GIVEN DATA
------------------------------------------------

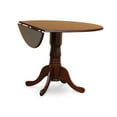 thumbnail image 3 of East West Furniture Dining Room Set Mahogany, DLIP3-MAH-W, 3 of 9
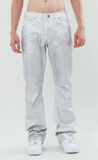ASJ08 FOIL WASH STACKED JEANS - Wear with style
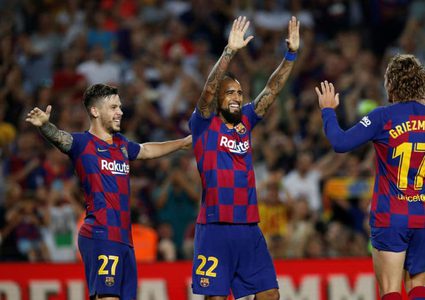 برشلونة يتفوق على ريال بيتيس رغم غياب ميسي وسواريز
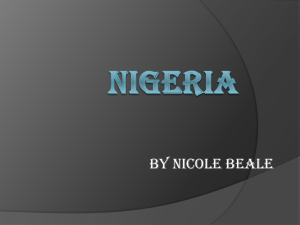 Nigeria - lockergeography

------------------------------------------------

EXERCISE DIRECTIONS
Extract the lines beginning with the one that contains "ASJ08 FOIL WASH" and ending with the last line of the listing. Keep them exact and drop the pictures.

ANSWER BELOW
ASJ08 FOIL WASH STACKED JEANS - Wear with style
 برشلونة يتفوق على ريال بيتيس رغم غياب ميسي وسواريز
 Nigeria - lockergeography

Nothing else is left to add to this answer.